As I said, I've seen probably a hundred very similar questions in just the past few months and they are virtually always posed by people who have only had a camera for less than a year, have no training or experience to speak of, yet have been convinced by their family and friends that they are ready to "Go Pro".  Photography is not something that can be learned in a few weeks or a few months yet there are many who are convinced that they are "The" exception to that rule.  I see it virtually every day on this forum and others.  I just do not understand why it is that so many people pick up a camera and immediately start trying to find ways to wring money out of it.  My suspicion is that it is a complete lack of understanding of the requirements to be a true professional "Anything" and the philosophy that their customers are more clueless than they are.

I have seen wedding photographs and portraits not suitable for hanging in a truckstop restroom created by so-called "Professional" photographers.  A bride with a tree growing out of her head.  Horrendous white balance.  Soft focus that wasn't intentional.  Terrible composition.

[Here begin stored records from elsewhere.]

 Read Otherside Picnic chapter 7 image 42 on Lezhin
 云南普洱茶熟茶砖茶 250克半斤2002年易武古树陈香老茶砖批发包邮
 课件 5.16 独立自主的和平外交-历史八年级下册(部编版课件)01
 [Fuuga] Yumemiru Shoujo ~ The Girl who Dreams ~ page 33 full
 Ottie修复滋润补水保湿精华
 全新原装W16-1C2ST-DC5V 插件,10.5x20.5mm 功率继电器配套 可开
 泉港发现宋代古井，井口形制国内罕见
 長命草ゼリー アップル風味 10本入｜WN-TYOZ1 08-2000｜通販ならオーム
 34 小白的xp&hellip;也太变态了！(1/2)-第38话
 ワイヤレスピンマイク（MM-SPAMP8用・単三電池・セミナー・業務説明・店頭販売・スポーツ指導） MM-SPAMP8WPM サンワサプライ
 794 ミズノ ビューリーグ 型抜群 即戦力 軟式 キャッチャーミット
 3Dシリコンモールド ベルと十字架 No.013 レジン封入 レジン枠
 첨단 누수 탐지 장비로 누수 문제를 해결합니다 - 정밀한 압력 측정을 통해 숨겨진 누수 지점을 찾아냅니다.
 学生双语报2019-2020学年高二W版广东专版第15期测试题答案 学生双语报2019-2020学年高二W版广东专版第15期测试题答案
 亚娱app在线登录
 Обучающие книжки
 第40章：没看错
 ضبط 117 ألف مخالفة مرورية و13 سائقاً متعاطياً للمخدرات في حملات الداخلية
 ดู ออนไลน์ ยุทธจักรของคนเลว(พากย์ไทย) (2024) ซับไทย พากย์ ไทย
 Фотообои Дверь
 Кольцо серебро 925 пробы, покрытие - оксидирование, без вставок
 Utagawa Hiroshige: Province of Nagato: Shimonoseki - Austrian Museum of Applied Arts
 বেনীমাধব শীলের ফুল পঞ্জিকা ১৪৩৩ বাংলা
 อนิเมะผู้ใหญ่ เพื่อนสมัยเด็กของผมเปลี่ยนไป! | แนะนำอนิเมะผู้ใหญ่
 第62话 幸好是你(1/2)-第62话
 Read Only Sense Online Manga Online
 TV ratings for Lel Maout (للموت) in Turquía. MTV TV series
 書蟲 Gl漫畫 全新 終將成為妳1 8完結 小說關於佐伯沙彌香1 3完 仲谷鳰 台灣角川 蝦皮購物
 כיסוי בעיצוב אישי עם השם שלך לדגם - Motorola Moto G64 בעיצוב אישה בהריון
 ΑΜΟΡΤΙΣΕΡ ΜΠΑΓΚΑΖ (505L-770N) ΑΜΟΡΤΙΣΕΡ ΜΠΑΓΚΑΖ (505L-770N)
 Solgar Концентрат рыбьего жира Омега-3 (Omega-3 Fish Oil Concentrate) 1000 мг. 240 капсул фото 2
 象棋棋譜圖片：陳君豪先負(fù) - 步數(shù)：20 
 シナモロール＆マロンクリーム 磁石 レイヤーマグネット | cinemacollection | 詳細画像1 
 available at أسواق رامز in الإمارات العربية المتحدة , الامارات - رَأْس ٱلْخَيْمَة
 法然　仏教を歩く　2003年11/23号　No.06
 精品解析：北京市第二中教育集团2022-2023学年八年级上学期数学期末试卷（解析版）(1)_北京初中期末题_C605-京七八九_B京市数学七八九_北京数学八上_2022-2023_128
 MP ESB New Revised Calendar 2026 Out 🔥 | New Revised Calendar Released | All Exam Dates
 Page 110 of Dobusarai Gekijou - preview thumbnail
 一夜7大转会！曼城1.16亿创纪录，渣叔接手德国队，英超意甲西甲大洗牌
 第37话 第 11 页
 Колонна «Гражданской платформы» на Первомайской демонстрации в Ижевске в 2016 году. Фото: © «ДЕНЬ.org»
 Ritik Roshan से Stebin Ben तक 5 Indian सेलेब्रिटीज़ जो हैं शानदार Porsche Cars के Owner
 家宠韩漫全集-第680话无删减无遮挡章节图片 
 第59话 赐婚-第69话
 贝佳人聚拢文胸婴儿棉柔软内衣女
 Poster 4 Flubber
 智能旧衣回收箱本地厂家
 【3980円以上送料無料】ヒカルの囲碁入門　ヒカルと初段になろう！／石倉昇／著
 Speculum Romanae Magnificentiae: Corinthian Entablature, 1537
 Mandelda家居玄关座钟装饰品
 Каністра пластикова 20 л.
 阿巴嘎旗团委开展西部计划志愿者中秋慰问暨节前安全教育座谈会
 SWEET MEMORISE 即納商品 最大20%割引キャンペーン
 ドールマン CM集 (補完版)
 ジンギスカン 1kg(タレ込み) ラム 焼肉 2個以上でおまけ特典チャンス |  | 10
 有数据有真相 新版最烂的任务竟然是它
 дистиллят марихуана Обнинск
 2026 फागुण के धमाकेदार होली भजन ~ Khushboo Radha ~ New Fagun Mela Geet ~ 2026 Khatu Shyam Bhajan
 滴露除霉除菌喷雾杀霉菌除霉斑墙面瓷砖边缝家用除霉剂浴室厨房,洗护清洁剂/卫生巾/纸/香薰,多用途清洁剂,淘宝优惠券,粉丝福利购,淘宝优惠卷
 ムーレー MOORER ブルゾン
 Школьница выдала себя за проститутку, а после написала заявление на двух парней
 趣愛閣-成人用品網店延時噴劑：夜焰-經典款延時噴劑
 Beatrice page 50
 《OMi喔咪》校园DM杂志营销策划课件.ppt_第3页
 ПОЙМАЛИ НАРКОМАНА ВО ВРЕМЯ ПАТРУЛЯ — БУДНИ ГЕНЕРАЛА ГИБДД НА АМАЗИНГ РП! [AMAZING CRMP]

Gross under- and over-exposure.  These are the things that a middle-experience amateur knows to avoid and control however these people consider themselves to be professionals when they barely know how to take a decent shot in good light.  They have no experience, they have no knowledge, they don't even know the questions much less the answers.  Yet they are willing to start a career as a professional and be paid for something they do not know how to provide.


----------



## 12sndsgood (Feb 25, 2012)

SCraig said:
			
		

> I never said that anyone should not strive to improve their abilities.  To the contrary, my problem is with those who have a high opinion of their abilities that is not justified by their results.  I've been shooting since the middle 60's and still learn something new virtually every time I pick up a camera.  I was mentored by a very good, very conscientious portrait and wedding photographer, shot a lot of weddings with him, and decided early on that a career in photography was not something I wished to pursue.
> 
> As I said, I've seen probably a hundred very similar questions in just the past few months and they are virtually always posed by people who have only had a camera for less than a year, have no training or experience to speak of, yet have been convinced by their family and friends that they are ready to "Go Pro".  Photography is not something that can be learned in a few weeks or a few months yet there are many who are convinced that they are "The" exception to that rule.  I see it virtually every day on this forum and others.  I just do not understand why it is that so many people pick up a camera and immediately start trying to find ways to wring money out of it.  My suspicion is that it is a complete lack of understanding of the requirements to be a true professional "Anything" and the philosophy that their customers are more clueless than they are.
> 
> I have seen wedding photographs and portraits not suitable for hanging in a truckstop restroom created by so-called "Professional" photographers.  A bride with a tree growing out of her head.  Horrendous white balance.  Soft focus that wasn't intentional.  Terrible composition. Gross under- and over-exposure.  These are the things that a middle-experience amateur knows to avoid and control however these people consider themselves to be professionals when they barely know how to take a decent shot in good light.  They have no experience, they have no knowledge, they don't even know the questions much less the answers.  Yet they are willing to start a career as a professional and be paid for something they do not know how to provide.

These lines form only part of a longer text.